= Data for this task =

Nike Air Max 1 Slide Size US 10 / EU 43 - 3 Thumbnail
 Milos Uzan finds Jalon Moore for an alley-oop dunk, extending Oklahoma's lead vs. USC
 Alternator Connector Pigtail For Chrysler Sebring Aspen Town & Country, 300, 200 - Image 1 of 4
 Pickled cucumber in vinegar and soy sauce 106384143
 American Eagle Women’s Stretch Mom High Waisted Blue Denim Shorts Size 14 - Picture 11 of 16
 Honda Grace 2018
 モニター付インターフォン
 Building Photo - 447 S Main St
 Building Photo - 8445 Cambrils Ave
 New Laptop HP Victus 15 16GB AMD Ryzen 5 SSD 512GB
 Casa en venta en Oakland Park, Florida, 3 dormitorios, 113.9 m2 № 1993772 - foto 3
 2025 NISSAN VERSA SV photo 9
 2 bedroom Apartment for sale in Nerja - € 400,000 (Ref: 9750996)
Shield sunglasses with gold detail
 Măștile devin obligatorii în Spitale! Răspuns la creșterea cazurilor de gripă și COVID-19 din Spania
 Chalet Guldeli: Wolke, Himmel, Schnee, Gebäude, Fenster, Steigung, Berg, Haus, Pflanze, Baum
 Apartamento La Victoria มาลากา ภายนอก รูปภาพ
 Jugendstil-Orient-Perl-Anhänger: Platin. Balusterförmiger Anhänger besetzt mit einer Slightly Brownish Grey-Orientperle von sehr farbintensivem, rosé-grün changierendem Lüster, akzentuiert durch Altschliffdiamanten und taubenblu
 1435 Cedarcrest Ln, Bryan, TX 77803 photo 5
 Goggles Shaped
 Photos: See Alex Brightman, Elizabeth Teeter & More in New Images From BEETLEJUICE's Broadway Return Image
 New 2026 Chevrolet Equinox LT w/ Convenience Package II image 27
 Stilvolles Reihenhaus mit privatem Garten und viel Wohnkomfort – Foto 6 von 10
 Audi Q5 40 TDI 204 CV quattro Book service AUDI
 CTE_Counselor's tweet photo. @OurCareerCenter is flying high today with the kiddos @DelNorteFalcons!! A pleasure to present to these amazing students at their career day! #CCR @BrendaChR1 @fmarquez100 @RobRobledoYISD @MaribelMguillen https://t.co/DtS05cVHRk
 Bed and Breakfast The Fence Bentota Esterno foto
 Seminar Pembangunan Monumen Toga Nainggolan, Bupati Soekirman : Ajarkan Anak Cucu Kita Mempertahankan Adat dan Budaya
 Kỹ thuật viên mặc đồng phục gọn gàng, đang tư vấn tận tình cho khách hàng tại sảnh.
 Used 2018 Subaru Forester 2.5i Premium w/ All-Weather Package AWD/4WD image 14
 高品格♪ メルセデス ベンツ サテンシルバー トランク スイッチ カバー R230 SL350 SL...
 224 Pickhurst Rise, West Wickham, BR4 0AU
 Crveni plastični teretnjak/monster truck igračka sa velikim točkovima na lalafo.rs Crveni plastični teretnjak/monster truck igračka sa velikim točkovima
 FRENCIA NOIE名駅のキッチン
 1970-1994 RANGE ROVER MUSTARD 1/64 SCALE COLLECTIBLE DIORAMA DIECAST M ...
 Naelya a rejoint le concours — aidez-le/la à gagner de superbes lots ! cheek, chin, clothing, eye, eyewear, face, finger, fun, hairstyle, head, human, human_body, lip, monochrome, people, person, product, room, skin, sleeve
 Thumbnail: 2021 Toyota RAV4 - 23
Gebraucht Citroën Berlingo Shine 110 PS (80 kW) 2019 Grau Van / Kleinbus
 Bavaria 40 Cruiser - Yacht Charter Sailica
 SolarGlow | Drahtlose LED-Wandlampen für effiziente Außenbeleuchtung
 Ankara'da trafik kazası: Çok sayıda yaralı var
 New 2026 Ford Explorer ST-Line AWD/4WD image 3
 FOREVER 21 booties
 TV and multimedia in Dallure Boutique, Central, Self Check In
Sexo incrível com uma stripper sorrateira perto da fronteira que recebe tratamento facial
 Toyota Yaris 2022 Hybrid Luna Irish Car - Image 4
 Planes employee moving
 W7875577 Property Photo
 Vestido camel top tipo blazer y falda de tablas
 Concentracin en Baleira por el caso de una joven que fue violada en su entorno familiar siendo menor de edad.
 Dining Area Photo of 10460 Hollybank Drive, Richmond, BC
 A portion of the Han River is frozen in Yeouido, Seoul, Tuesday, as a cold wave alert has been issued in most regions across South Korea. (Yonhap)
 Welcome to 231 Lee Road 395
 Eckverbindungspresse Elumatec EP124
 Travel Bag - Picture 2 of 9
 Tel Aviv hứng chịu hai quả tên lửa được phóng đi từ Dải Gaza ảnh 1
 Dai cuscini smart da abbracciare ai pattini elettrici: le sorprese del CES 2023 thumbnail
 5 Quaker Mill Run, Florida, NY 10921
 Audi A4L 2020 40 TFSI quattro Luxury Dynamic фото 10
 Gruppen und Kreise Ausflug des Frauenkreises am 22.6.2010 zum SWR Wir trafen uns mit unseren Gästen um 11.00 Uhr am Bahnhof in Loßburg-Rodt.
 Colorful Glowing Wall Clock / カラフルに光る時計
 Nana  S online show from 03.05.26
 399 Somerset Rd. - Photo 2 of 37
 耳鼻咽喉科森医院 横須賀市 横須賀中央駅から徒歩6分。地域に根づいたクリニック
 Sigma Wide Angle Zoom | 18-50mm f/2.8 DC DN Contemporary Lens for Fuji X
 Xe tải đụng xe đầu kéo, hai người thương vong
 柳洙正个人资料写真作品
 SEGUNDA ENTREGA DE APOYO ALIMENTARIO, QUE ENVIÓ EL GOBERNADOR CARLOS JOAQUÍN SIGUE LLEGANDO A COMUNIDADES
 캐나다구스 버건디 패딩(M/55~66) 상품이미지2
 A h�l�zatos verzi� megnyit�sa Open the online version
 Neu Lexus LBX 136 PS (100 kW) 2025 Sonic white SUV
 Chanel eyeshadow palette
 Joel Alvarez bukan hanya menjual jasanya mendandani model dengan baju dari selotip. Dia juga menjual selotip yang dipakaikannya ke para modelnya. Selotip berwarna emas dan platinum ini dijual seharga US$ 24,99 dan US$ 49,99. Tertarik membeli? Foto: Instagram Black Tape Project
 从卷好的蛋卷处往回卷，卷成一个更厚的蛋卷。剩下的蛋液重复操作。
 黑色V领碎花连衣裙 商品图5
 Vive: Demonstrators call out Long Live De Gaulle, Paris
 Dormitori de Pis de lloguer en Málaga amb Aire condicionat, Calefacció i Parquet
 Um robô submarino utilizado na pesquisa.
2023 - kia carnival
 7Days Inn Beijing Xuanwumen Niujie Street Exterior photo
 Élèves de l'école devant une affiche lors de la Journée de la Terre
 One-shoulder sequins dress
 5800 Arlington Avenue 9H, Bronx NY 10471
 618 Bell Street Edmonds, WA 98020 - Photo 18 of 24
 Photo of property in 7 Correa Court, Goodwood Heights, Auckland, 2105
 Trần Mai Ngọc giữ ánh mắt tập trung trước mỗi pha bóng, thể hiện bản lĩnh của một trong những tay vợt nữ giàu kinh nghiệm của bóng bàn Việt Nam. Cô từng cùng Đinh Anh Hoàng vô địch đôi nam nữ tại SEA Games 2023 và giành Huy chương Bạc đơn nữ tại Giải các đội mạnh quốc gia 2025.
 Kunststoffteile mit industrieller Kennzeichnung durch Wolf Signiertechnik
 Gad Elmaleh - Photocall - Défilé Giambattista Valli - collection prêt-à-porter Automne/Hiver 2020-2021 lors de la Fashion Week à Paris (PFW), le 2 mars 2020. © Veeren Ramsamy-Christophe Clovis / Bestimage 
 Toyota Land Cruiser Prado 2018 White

= Exercise =
Scan the entries above for the string "quattro", and copy every line where it turns up.

= Solution to this task =
 Audi Q5 40 TDI 204 CV quattro Book service AUDI
 Audi A4L 2020 40 TFSI quattro Luxury Dynamic фото 10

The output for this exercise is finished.